Start of Supplied material
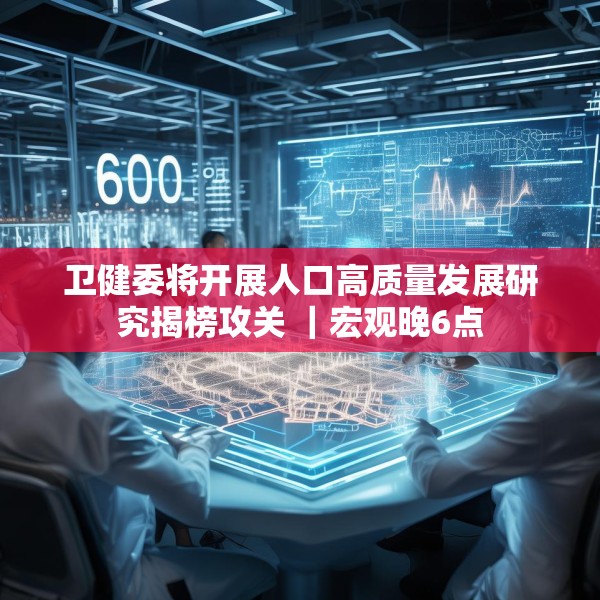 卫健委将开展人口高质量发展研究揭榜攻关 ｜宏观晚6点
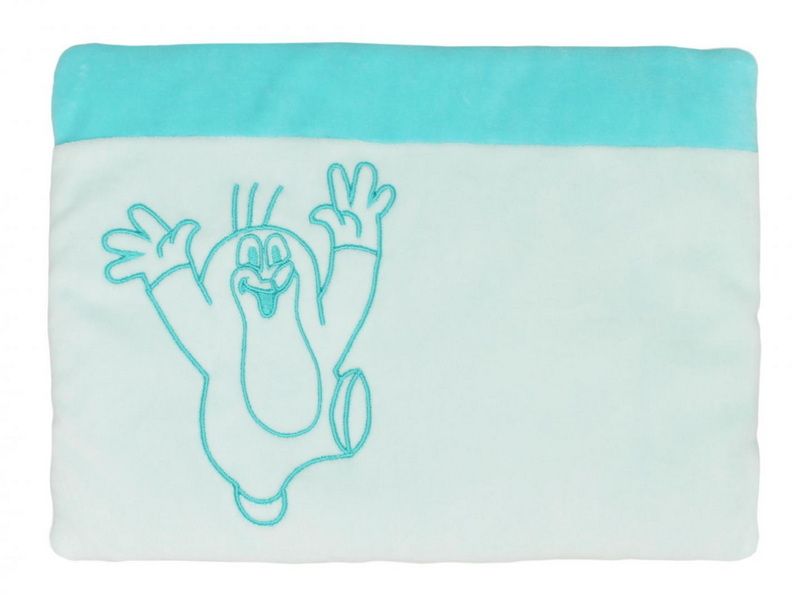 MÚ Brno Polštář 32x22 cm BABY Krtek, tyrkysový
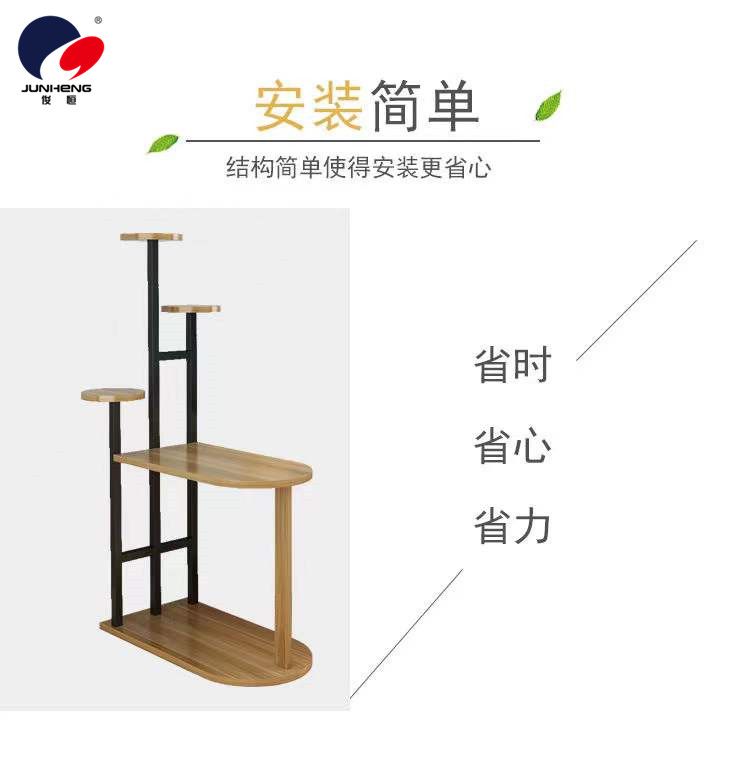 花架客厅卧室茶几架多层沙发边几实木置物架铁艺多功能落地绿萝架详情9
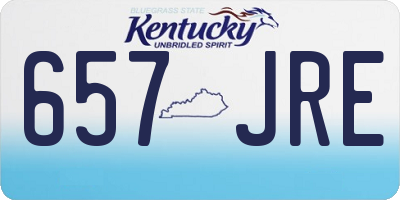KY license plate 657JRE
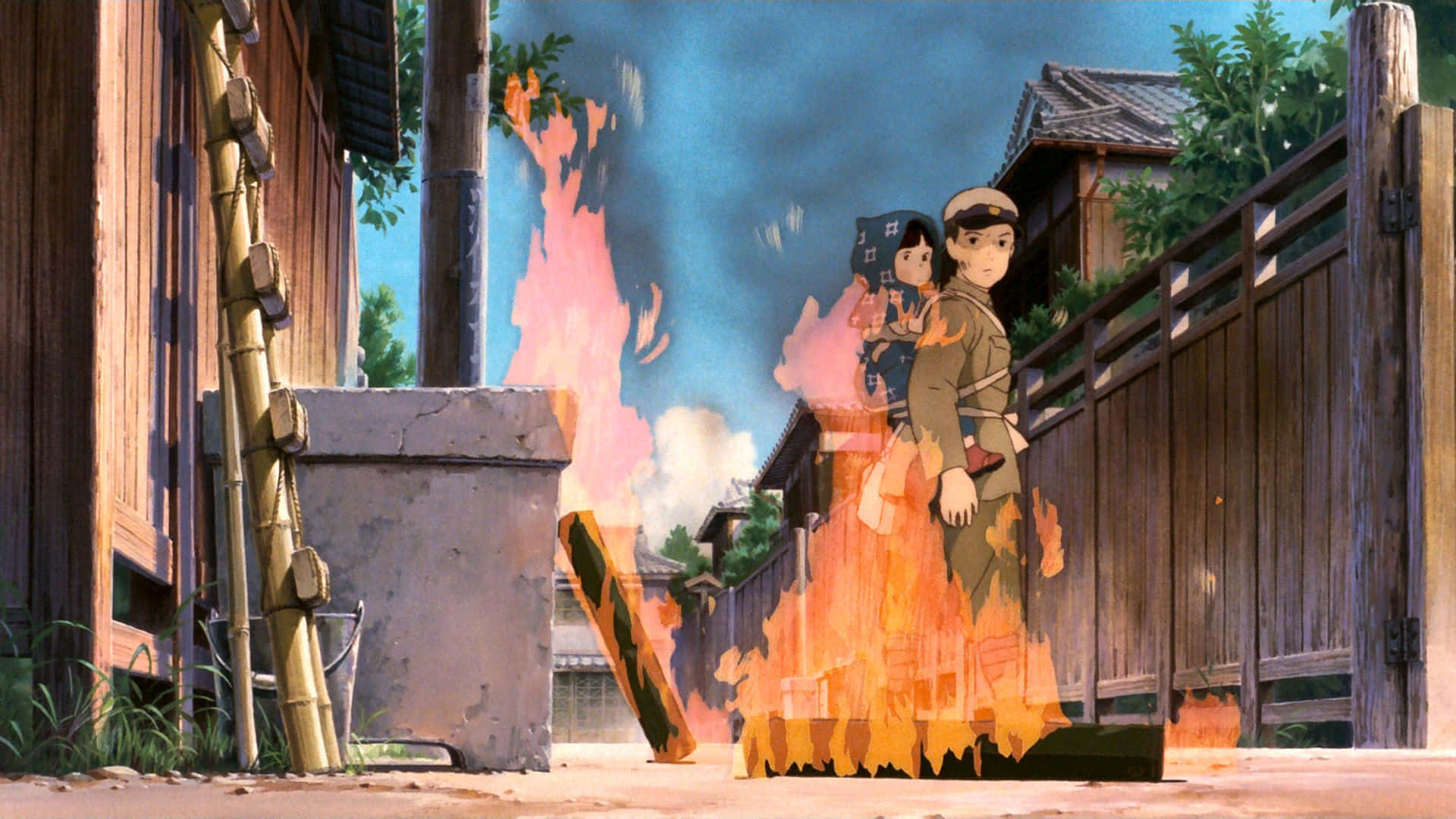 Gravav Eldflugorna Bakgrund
End of Supplied material
● Exercise: Would you write each entry out again exactly, omitting the images?

● Response to the task:
 卫健委将开展人口高质量发展研究揭榜攻关 ｜宏观晚6点
 MÚ Brno Polštář 32x22 cm BABY Krtek, tyrkysový
 花架客厅卧室茶几架多层沙发边几实木置物架铁艺多功能落地绿萝架详情9
KY license plate 657JRE
 Gravav Eldflugorna Bakgrund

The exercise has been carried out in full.